# Annoying dialup ISP problem



## HermitJohn (May 10, 2002)

Anymore when I am surfing, my connection "withers on the vine" so to speak. Puppy Linux still shows me connected but I cant surf until I manually disconnect and then reconnect. This can occur from almost immediately to maybe 15 or 20 minutes of use. More and more this is happening after only minute or two of use, load one webpage and its dead. Forcing me to manually cut the "connection" then reconnect is far more annoying than just having clean dropped connection. A clean drop would let me set things to auto reconnect.

It must be some sort of idle cutoff as I dont have this problem when downloading a file. Also can surf while downloading a file without this problem, though with such small bandwidth that dialup affords, surfing while downloading file is pretty slow.

I guess next test is to set up some sort of constant pinging.

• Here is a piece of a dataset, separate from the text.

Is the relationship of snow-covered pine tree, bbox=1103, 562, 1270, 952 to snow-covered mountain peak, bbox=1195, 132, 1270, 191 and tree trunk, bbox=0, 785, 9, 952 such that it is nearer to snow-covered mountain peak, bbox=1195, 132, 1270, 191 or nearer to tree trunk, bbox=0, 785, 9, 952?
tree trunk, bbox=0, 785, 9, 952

I swear this sort of annoying stuff just loses an isp their customers. But I guess if thats the way they want to save bandwidth.... I'd personally rather an isp be upfront and say you bought this much use per month then you are disabled until nextmonth rather than claim unlimited use then play games.


----------



## Nevada (Sep 9, 2004)

Usually, that indicates poor telephone line quality. When you're connected and your modem encounters difficulty communicating, the connection is renegotiated at a slightly lower speed. At the next difficulty, it lowers the speed a little more. In time, your connection may have dropped to a terribly low rate while still reporting the initial connection speed.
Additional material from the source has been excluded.